One good indication that your basement is probably humid is whether you have wet carpet. Of course, wet carpet can come from all sorts of sources, both external and internal. You may even end up with wet carpet from condensation coming from other sources of moisture. However, one thing that wet carpet showcases is the fact that there is water somewhere in the basement.
This wet carpet is something you need to get rid of as soon as possible, whether it’s the main source of your basement moisture concerns or not. However, only a basement waterproofing expert will be able to give you more information about your home’s wet carpet, construct a unique plan regarding how to fix it, and institute that plan for you.
The strange “chalky” residue you may sometimes see on walls has a name: it’s called efflorescence, and it’s actually salt. When water moves through stone or another structure with salt inside, that water may move the salt to the surface. When it does, it manifests as the chalky or fuzzy residue you may see on your basement walls.
This isn’t harmful on its own. Although some people can mistake it for mold, it’s just hardened salt, and you can scrape it off with a stiff brush with no problem. The issue is not the efflorescence itself, but rather what the efflorescence indicates. When you see it, it means water is moving through your walls, and that’s never a good sign.
Mold and Mildew
Anytime you have a lot of moisture in an area of distinctly nice temperature, as you do with a high-humidity basement, you’re going to end up with a pretty significant amount of mold and mildew in that area. Mold and mildew grow best in areas above around 60% humidity, although it may be able to grow on water-soaked drywall and stone as well.

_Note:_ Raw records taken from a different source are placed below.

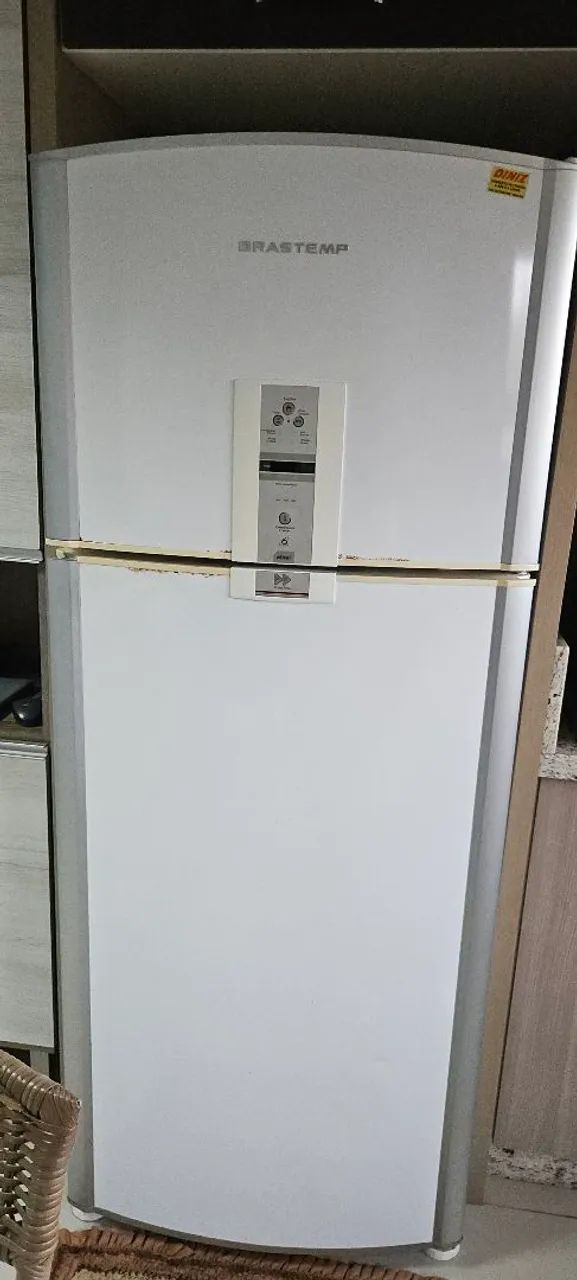 2 geladeiras 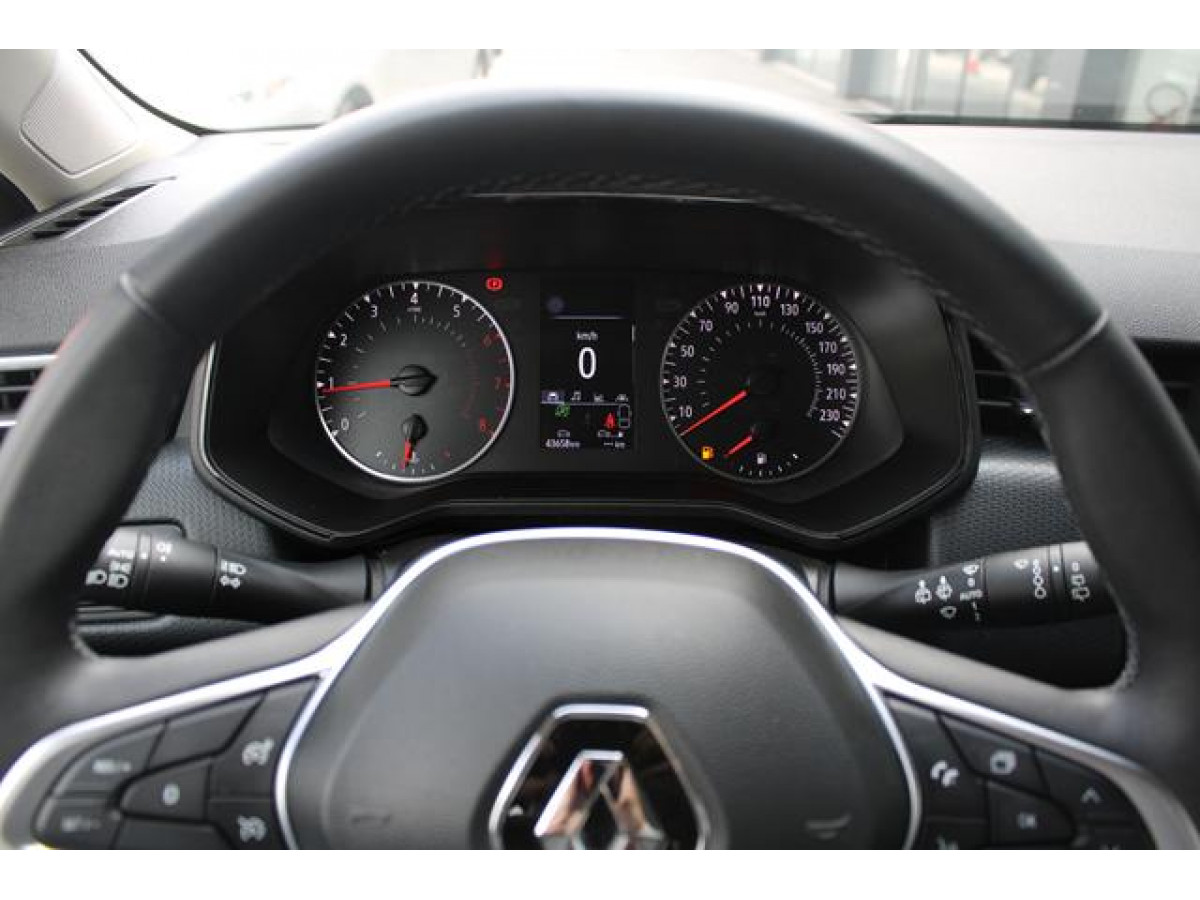 Renault Clio 1.0 tCe 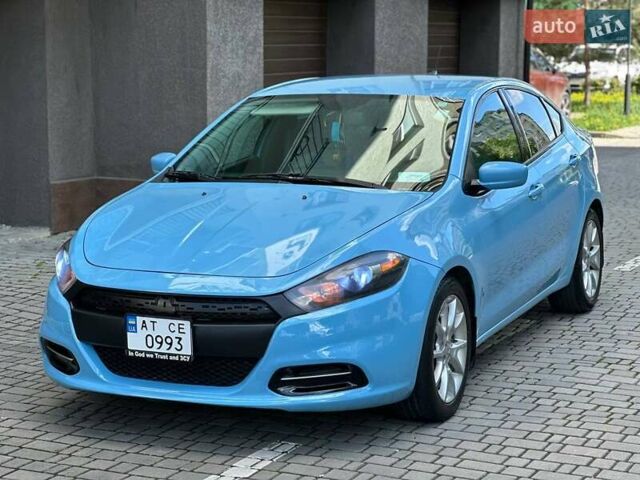 Синій Додж Дарт, об'ємом двигуна 2 л та пробігом 210 тис. км за 6700 $, фото 4 на Automoto.ua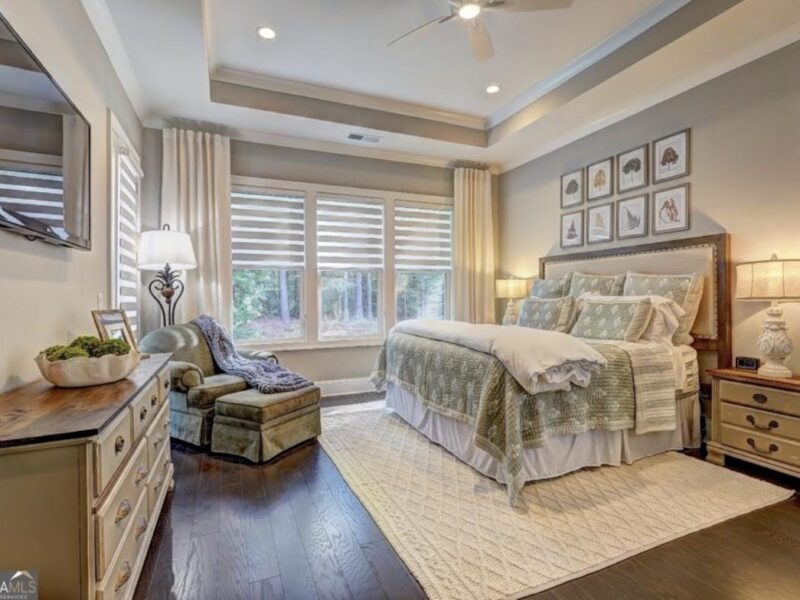 Charming Peachtree City Home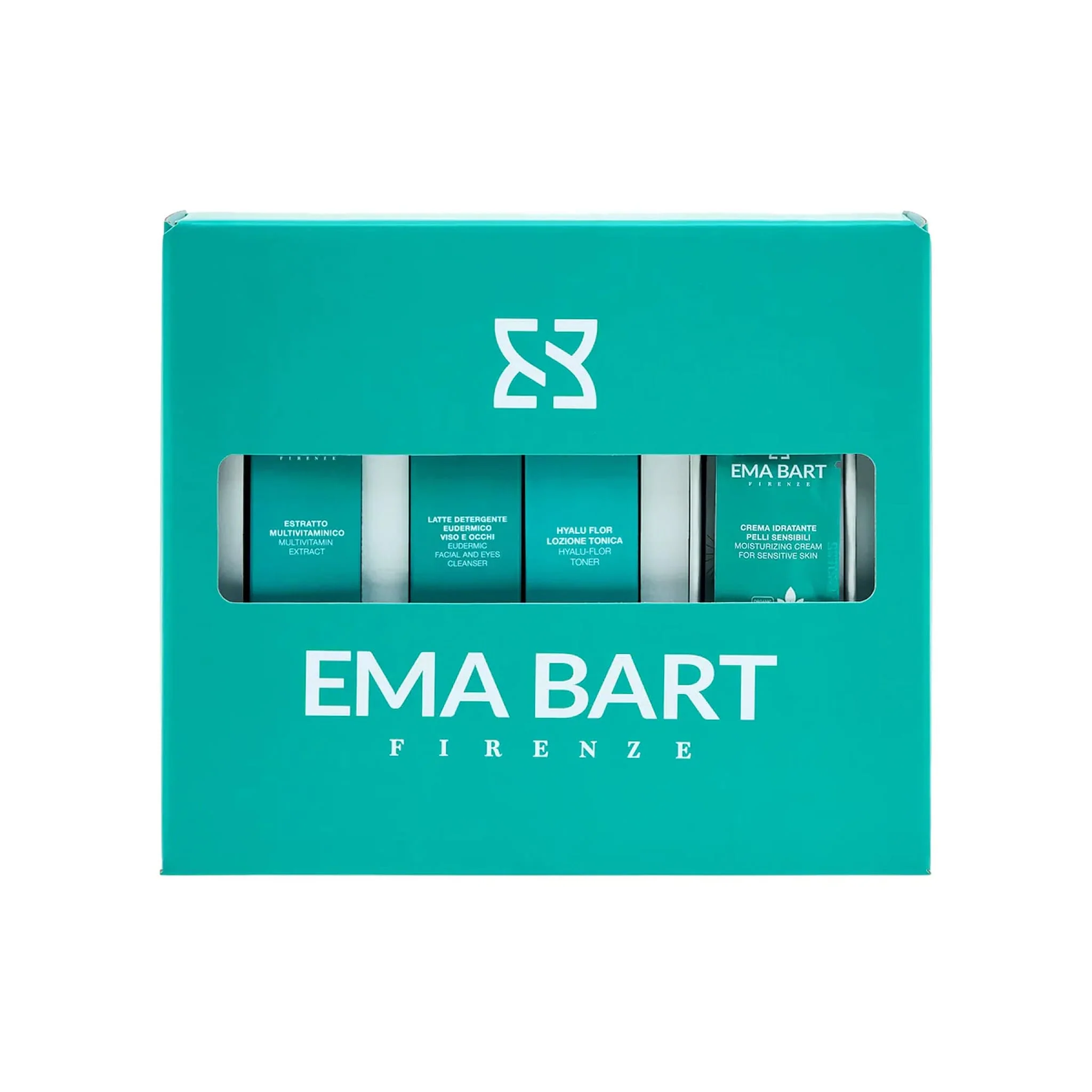 Cofanetto Skincare Viso Idratante - Ema Bart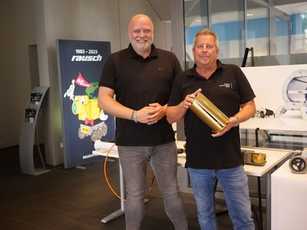 30 Jahre Partnerschaft zwischen Uhrig und Rausch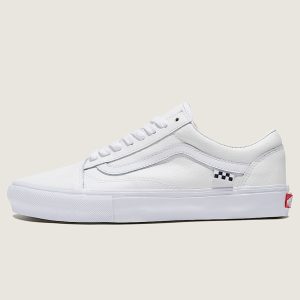Customs Skate Old Skool Leather Shoe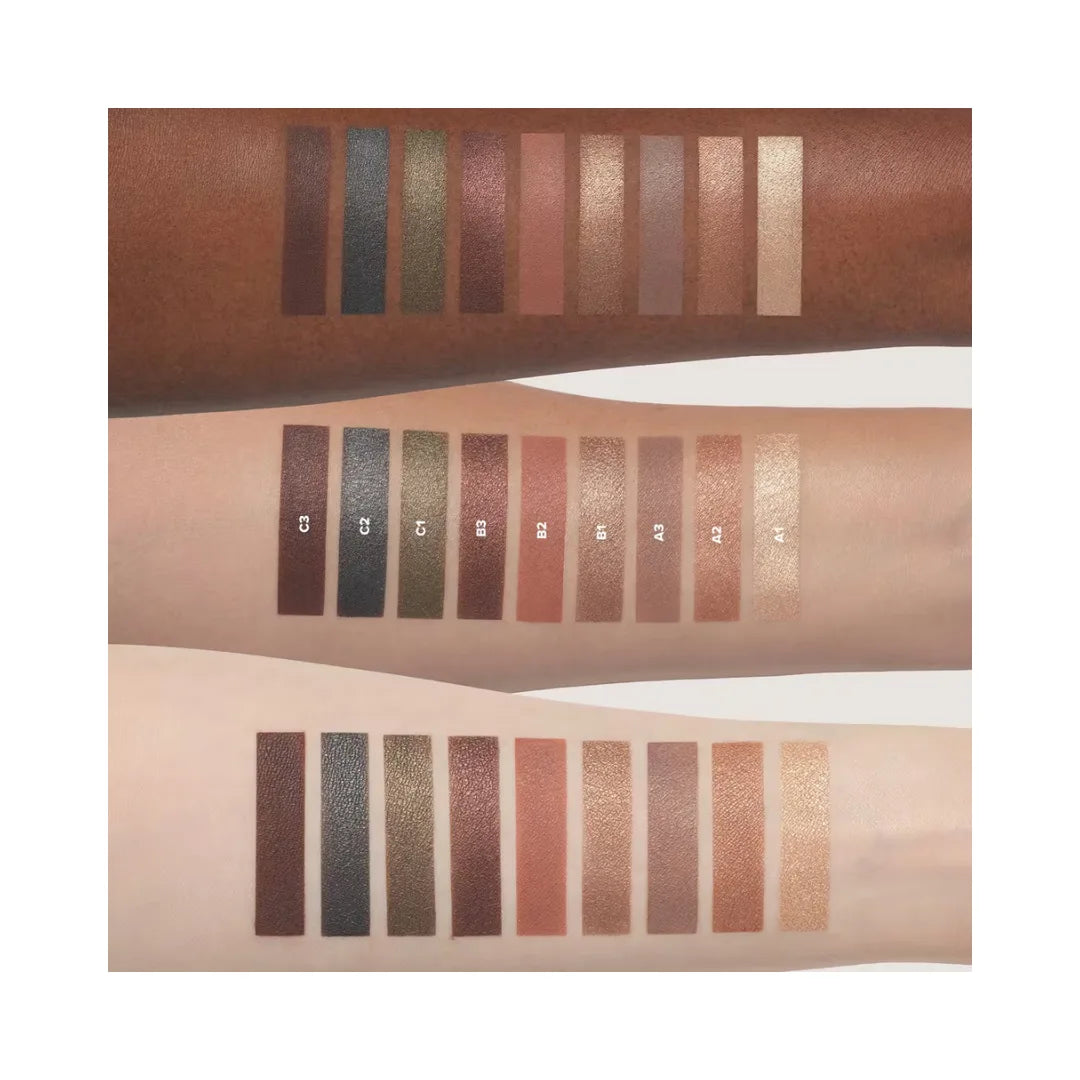 ANASTASIA BEVERLY HILLS Embers Mini Eyeshadow Palette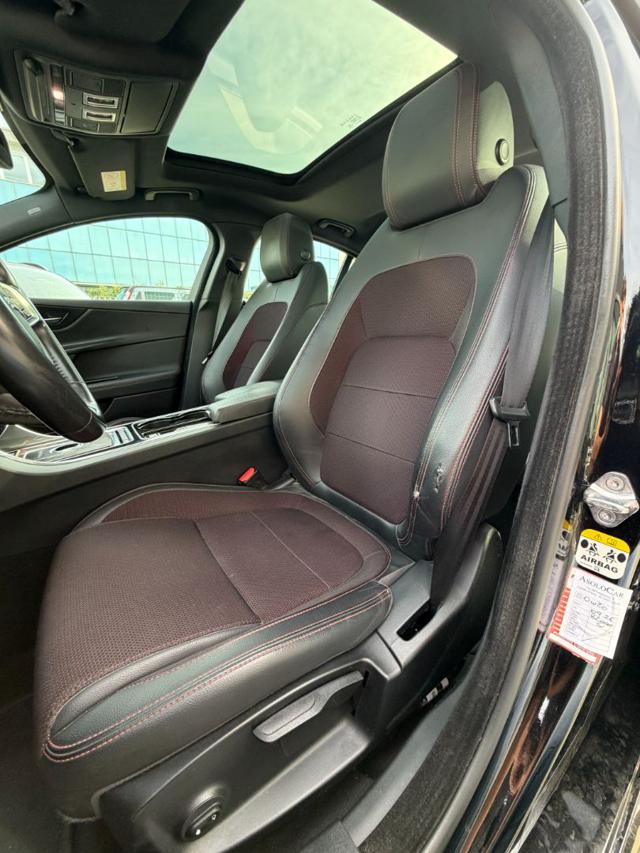 JAGUAR XE 2.0 D TURBO 180CV AUT. R-SPORT * - foto 7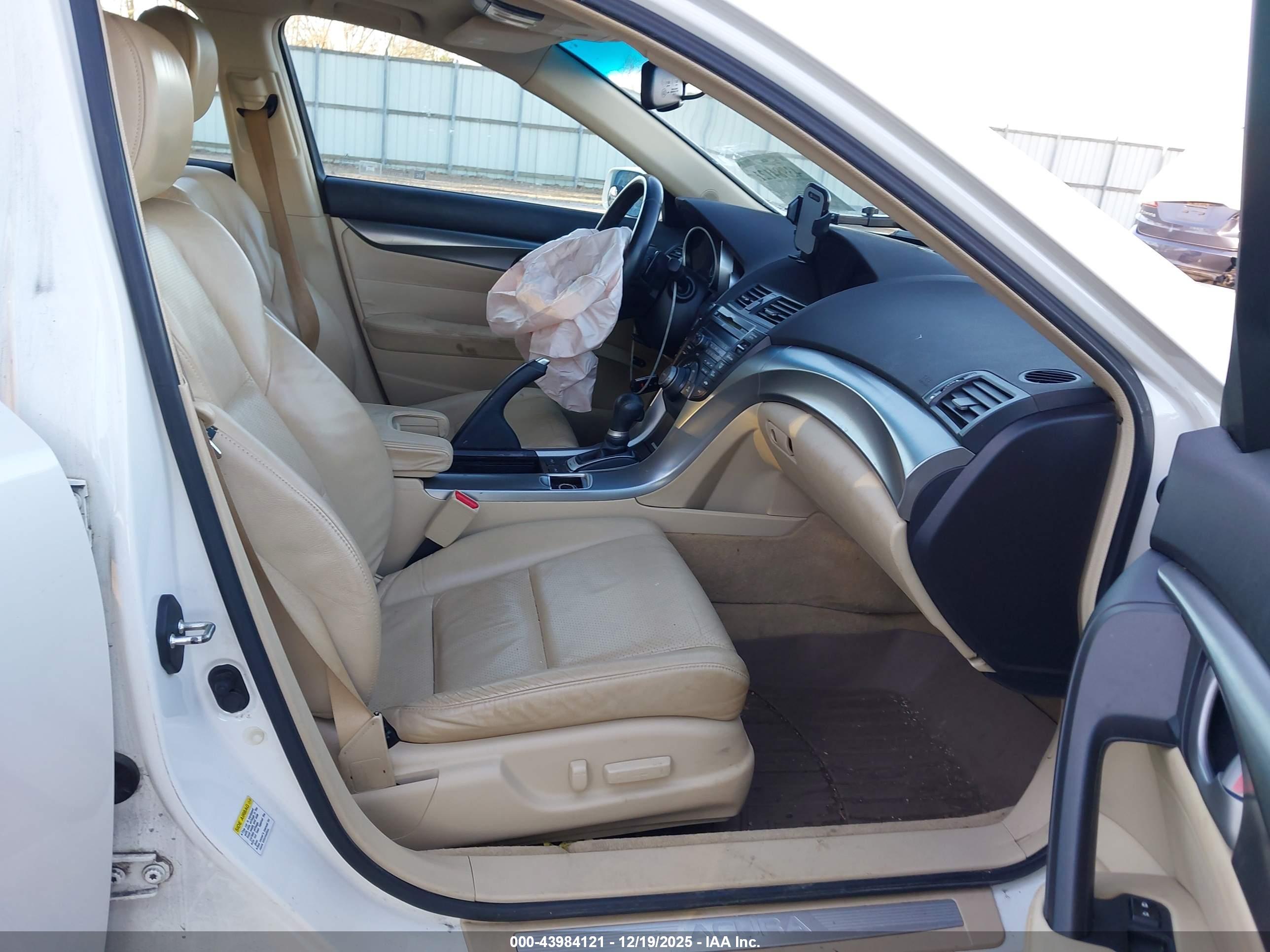 ACURA TL image 5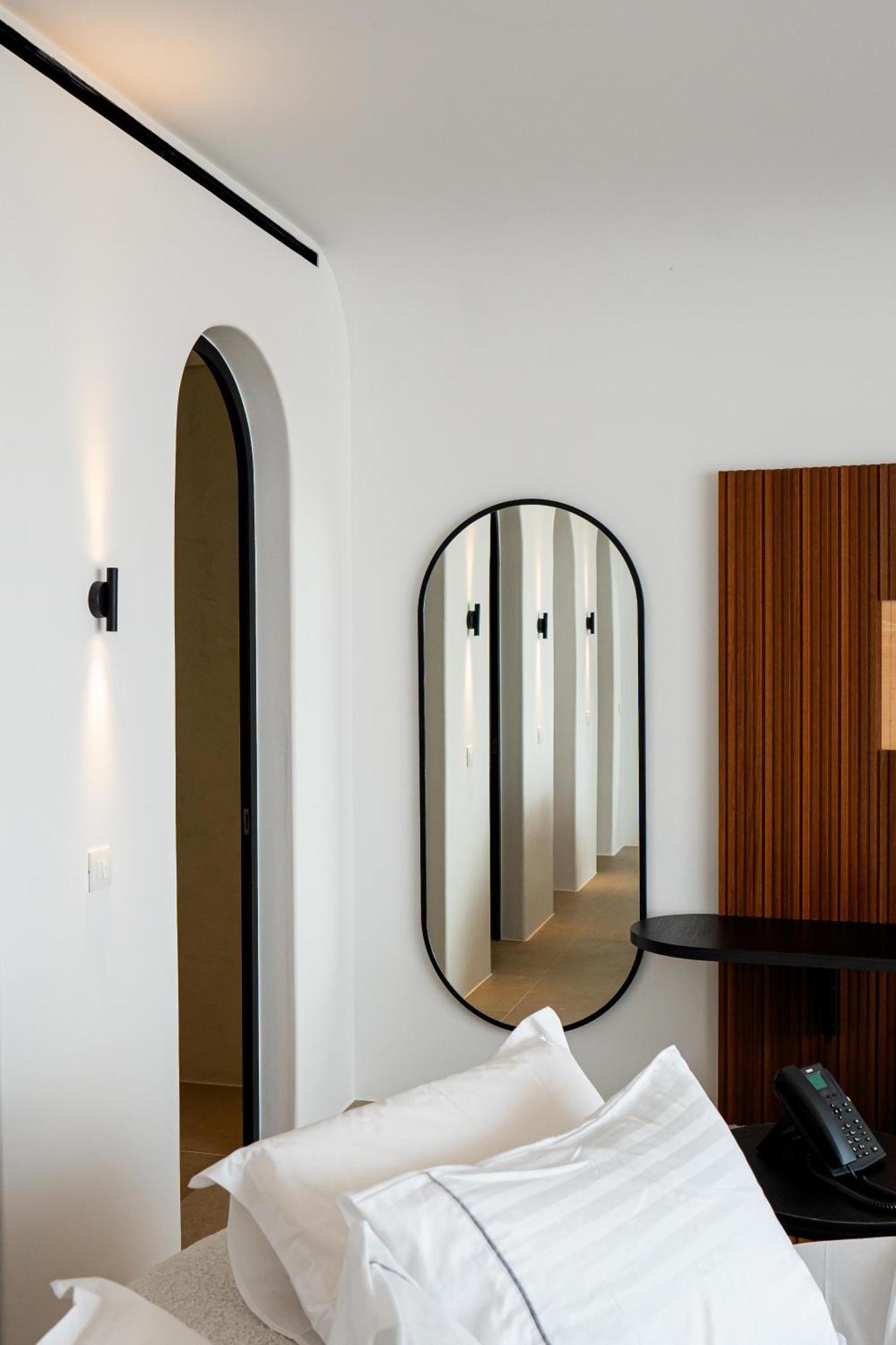 Muse Of Mykonos Luxury Suites Mykonos Town Eksteriør billede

If you see mold and mildew in your home, regardless of the specific reason for it, you should definitely contact an expert for help. When you notice mold and mildew in your basement, it’s good to contact a basement waterproofing expert, because these are the types of people who are most likely to have the knowledge necessary for fixing it.
Cracked, Leaky Floors
You probably don’t think about water entering your home from the floor because it’s not usually something you think of as having a lot of external pressure. However, because your basement is positioned underground, it’s very likely that your floor experiences the same hydrostatic pressure as the walls, which makes them prone to cracking and leaking.
This is even true if the cracks in your floor aren’t from the hydrostatic pressure itself. Whether you just dropped something very heavy or you ended up with cracks in the floor from the hydrostatic pressure surrounding the floor, any cracks in the floor are a great place for moisture to enter from the outside, which is a significant problem for many homeowners, even if they don’t realize it.